Segment Start: ENTRIES SHOWN
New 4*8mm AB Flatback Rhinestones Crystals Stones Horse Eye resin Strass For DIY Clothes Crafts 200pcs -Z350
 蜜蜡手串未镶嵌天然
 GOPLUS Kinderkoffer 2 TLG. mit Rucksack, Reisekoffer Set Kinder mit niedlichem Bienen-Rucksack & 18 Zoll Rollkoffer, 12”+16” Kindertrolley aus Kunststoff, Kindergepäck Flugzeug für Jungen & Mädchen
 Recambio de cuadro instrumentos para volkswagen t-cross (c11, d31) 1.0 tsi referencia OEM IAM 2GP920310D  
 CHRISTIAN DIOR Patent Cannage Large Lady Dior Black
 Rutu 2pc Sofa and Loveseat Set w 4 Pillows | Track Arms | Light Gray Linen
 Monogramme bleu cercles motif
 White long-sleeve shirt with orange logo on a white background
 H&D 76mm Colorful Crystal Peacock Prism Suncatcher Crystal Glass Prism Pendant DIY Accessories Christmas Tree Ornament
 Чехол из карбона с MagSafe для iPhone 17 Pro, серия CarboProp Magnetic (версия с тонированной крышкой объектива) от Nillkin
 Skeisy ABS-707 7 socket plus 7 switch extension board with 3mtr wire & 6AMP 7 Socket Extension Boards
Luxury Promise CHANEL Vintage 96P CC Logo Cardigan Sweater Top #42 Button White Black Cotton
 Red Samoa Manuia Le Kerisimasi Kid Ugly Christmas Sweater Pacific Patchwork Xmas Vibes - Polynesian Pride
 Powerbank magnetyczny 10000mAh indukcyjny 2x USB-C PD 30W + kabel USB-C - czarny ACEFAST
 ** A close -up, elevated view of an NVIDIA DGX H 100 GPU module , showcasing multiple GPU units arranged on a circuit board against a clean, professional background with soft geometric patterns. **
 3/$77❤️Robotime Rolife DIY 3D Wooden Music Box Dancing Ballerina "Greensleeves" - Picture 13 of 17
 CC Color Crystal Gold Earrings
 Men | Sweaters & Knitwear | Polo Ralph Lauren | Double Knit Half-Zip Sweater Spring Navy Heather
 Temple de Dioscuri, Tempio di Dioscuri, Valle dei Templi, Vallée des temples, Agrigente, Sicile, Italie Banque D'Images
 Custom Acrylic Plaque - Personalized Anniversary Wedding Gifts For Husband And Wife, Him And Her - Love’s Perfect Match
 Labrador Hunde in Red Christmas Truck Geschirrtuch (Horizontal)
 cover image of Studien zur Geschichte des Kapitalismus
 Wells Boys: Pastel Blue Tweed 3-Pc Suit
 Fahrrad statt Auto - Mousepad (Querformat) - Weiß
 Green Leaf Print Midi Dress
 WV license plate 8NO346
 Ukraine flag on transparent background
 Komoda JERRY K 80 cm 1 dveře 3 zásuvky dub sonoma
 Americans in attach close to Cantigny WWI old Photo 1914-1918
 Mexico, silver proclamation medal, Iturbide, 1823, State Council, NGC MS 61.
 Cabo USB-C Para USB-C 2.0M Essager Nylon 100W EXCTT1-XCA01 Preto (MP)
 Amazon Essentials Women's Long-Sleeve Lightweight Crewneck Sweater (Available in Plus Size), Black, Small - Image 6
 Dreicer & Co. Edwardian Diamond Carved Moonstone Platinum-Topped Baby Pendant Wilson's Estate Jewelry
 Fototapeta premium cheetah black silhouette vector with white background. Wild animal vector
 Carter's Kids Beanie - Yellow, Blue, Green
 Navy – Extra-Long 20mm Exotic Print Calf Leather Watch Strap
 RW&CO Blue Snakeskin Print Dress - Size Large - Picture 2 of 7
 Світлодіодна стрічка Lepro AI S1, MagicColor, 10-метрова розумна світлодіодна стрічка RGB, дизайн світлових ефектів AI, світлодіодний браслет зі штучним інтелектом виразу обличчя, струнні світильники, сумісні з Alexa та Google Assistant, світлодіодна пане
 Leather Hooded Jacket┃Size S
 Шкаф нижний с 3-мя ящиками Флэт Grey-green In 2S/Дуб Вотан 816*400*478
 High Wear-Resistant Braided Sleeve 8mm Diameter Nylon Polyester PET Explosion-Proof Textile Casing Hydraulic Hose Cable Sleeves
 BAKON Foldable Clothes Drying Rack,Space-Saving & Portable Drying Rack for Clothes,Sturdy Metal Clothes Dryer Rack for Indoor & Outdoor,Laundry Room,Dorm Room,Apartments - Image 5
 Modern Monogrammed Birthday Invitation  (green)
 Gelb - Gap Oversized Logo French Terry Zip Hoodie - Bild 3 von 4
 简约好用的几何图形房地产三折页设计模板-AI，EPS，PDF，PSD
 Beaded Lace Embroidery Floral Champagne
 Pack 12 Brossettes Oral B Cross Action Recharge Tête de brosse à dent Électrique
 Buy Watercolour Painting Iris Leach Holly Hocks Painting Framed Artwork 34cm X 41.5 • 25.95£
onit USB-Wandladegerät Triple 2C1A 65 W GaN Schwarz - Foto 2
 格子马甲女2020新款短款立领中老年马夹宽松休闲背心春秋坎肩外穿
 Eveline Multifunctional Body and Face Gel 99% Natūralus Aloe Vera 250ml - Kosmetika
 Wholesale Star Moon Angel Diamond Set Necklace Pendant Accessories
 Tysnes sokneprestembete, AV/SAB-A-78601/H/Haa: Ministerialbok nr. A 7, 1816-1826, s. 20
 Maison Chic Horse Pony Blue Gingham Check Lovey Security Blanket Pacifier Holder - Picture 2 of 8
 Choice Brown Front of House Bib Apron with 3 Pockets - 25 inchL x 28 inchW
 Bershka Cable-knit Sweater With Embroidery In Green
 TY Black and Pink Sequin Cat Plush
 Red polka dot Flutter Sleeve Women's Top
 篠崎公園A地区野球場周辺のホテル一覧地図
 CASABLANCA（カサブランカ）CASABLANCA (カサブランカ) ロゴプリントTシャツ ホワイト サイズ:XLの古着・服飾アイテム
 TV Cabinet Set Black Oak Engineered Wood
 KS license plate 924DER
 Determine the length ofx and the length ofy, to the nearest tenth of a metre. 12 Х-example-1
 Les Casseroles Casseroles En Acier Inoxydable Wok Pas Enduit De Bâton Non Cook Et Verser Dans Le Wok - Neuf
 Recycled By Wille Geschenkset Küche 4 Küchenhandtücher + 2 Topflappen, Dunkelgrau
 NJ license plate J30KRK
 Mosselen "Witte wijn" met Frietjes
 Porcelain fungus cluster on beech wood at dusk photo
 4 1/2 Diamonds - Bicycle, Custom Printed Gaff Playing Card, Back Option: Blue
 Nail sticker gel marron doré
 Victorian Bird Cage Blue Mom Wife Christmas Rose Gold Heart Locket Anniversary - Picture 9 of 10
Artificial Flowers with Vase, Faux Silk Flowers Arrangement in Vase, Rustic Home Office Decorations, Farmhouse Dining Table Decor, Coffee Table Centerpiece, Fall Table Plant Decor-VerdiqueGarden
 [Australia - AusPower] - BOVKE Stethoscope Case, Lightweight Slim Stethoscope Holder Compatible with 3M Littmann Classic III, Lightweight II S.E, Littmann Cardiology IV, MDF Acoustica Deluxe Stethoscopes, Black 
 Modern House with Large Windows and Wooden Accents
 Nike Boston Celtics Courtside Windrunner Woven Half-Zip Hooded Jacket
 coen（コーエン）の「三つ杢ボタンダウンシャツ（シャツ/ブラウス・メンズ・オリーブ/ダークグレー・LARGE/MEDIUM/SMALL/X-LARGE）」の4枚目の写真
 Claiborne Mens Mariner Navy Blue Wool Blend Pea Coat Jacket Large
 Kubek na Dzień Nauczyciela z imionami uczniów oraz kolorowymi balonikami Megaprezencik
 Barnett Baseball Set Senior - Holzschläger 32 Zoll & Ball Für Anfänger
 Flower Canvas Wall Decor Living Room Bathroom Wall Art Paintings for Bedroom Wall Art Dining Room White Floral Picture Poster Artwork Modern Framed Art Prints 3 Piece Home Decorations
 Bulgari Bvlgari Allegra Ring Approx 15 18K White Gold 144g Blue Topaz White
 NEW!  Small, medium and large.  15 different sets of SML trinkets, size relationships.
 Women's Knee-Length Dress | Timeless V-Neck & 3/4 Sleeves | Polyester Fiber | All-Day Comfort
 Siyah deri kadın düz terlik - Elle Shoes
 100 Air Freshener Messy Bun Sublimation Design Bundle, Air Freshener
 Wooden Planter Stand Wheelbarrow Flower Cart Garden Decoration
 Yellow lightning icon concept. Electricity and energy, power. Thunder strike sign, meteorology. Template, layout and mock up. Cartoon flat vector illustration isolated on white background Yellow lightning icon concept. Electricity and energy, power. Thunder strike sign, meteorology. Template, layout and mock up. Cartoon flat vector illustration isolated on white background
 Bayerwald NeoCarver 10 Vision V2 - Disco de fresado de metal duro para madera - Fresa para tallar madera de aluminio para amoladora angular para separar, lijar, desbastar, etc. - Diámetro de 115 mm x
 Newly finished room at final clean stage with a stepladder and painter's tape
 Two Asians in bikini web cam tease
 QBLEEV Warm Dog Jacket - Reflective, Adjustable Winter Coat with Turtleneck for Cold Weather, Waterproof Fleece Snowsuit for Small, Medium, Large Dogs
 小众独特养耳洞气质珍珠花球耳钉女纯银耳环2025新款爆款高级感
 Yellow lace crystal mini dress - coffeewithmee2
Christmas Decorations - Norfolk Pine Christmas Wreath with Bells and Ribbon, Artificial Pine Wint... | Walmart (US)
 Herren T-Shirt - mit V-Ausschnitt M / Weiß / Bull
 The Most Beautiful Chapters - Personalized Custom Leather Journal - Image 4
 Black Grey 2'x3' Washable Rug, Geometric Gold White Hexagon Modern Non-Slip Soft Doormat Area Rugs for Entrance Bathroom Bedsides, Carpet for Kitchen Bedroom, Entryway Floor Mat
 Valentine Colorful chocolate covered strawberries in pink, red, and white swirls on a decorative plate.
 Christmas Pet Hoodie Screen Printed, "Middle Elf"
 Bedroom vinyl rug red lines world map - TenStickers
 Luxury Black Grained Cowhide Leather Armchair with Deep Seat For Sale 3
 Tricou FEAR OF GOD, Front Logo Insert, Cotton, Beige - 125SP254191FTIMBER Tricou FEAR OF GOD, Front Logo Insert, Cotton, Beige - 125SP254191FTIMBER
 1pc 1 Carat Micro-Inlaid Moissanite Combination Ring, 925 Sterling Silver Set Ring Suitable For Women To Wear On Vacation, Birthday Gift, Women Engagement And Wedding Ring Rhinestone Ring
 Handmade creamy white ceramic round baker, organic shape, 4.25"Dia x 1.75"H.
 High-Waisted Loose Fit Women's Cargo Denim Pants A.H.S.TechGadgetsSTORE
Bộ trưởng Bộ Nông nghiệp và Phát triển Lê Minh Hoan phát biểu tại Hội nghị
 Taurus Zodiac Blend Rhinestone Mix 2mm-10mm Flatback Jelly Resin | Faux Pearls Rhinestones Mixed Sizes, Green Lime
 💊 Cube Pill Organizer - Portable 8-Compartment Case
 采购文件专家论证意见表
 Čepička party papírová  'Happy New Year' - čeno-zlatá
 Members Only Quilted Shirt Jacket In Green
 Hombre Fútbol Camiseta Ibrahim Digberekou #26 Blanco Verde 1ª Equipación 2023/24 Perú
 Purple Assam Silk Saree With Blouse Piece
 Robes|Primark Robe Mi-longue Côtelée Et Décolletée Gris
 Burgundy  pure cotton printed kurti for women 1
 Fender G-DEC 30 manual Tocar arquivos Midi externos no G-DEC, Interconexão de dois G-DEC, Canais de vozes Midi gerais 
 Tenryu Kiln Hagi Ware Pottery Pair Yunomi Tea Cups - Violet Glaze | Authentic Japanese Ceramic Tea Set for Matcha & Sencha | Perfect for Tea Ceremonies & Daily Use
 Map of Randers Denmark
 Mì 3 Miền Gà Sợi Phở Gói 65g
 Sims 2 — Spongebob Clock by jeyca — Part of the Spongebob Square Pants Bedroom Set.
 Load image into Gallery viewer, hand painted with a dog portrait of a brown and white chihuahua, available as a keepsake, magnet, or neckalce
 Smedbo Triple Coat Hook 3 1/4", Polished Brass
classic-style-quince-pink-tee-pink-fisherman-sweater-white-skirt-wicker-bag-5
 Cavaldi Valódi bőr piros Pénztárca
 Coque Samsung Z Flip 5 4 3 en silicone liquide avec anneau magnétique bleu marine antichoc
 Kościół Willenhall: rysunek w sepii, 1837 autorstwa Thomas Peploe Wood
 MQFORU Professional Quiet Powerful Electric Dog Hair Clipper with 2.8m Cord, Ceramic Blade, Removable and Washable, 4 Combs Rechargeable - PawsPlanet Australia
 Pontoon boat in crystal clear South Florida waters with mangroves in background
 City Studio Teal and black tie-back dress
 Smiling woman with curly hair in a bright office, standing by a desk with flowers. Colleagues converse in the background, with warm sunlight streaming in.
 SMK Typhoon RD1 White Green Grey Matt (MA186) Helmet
Segment End: ENTRIES SHOWN
WORK ORDER - Transcribe the records above exactly, from the opening line down to and including the line with "Temple de Dioscuri, Tempio".

ANSWER FOR THIS EXERCISE -
New 4*8mm AB Flatback Rhinestones Crystals Stones Horse Eye resin Strass For DIY Clothes Crafts 200pcs -Z350
 蜜蜡手串未镶嵌天然
 GOPLUS Kinderkoffer 2 TLG. mit Rucksack, Reisekoffer Set Kinder mit niedlichem Bienen-Rucksack & 18 Zoll Rollkoffer, 12”+16” Kindertrolley aus Kunststoff, Kindergepäck Flugzeug für Jungen & Mädchen
 Recambio de cuadro instrumentos para volkswagen t-cross (c11, d31) 1.0 tsi referencia OEM IAM 2GP920310D  
 CHRISTIAN DIOR Patent Cannage Large Lady Dior Black
 Rutu 2pc Sofa and Loveseat Set w 4 Pillows | Track Arms | Light Gray Linen
 Monogramme bleu cercles motif
 White long-sleeve shirt with orange logo on a white background
 H&D 76mm Colorful Crystal Peacock Prism Suncatcher Crystal Glass Prism Pendant DIY Accessories Christmas Tree Ornament
 Чехол из карбона с MagSafe для iPhone 17 Pro, серия CarboProp Magnetic (версия с тонированной крышкой объектива) от Nillkin
 Skeisy ABS-707 7 socket plus 7 switch extension board with 3mtr wire & 6AMP 7 Socket Extension Boards
Luxury Promise CHANEL Vintage 96P CC Logo Cardigan Sweater Top #42 Button White Black Cotton
 Red Samoa Manuia Le Kerisimasi Kid Ugly Christmas Sweater Pacific Patchwork Xmas Vibes - Polynesian Pride
 Powerbank magnetyczny 10000mAh indukcyjny 2x USB-C PD 30W + kabel USB-C - czarny ACEFAST
 ** A close -up, elevated view of an NVIDIA DGX H 100 GPU module , showcasing multiple GPU units arranged on a circuit board against a clean, professional background with soft geometric patterns. **
 3/$77❤️Robotime Rolife DIY 3D Wooden Music Box Dancing Ballerina "Greensleeves" - Picture 13 of 17
 CC Color Crystal Gold Earrings
 Men | Sweaters & Knitwear | Polo Ralph Lauren | Double Knit Half-Zip Sweater Spring Navy Heather
 Temple de Dioscuri, Tempio di Dioscuri, Valle dei Templi, Vallée des temples, Agrigente, Sicile, Italie Banque D'Images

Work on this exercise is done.